The Internal Revenue Service recently issued a consumer alert about possible scams in the wake of Hurricane Sandy.
It's common for scam artists to impersonate charities to steal money or private information from well-intentioned taxpayers on the heels of a major disaster. Fraudulent schemes may involve contact by telephone, social media, email or in-person solicitations.
The IRS warns people wanting to make disaster-related charitable donations to avoid scam artists by following these tips:
w Donate to recognized charities.
w Be wary of charities with names that are similar to familiar or nationally known organizations. Some phony charities use names or websites that sound or look like those of respected, legitimate organizations. The IRS website at IRS.gov has a search feature, Exempt Organizations Select Check, that allows people to find authentic, qualified charities. They can also be found on the Federal Emergency Management Agency (FEMA) website at fema.gov.
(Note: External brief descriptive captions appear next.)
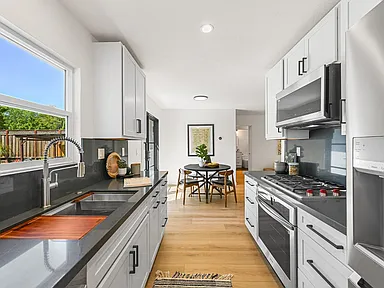 galley kitchen remodel with window over sink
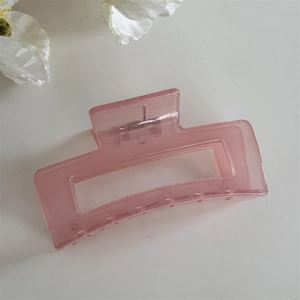 Détail d'une pince à cheveux rectangulaire rose translucide avec un ressort en métal
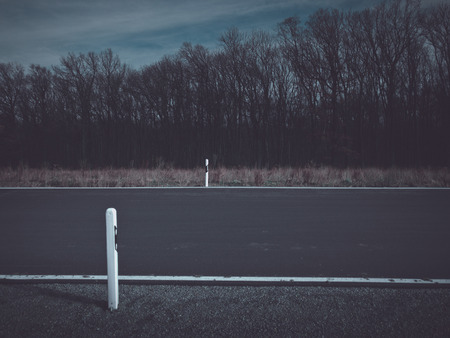 Rural scene of a dark roadの写真素材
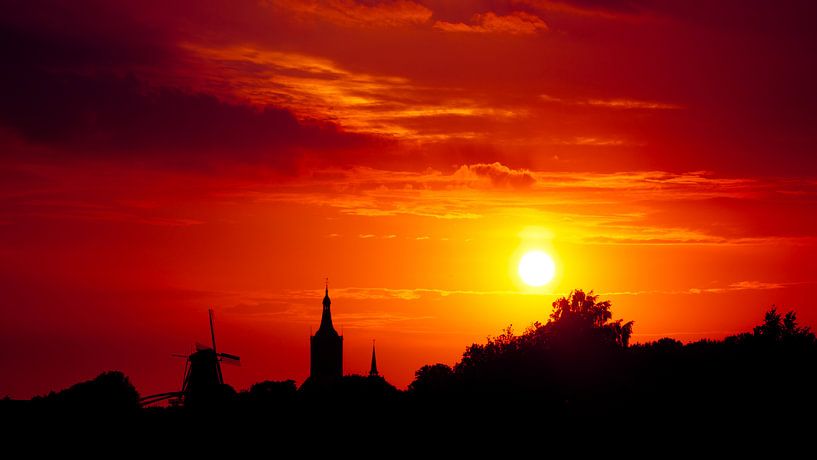Zonsondergang boven Hasselt van Karel Pops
w Don't give out personal financial information -- such as Social Security numbers or credit card and bank account numbers and passwords. Scam artists use this information to steal your identity and money.
w Don't give or send cash. For security and tax record purposes, contribute by check or credit card or another way that provides documentation of the gift.
w Taxpayers suspecting disaster-related frauds should go to IRS.gov and search for the keywords "Report Phishing."
More information about tax scams and schemes may be found at IRS.gov using the keywords "scams and schemes."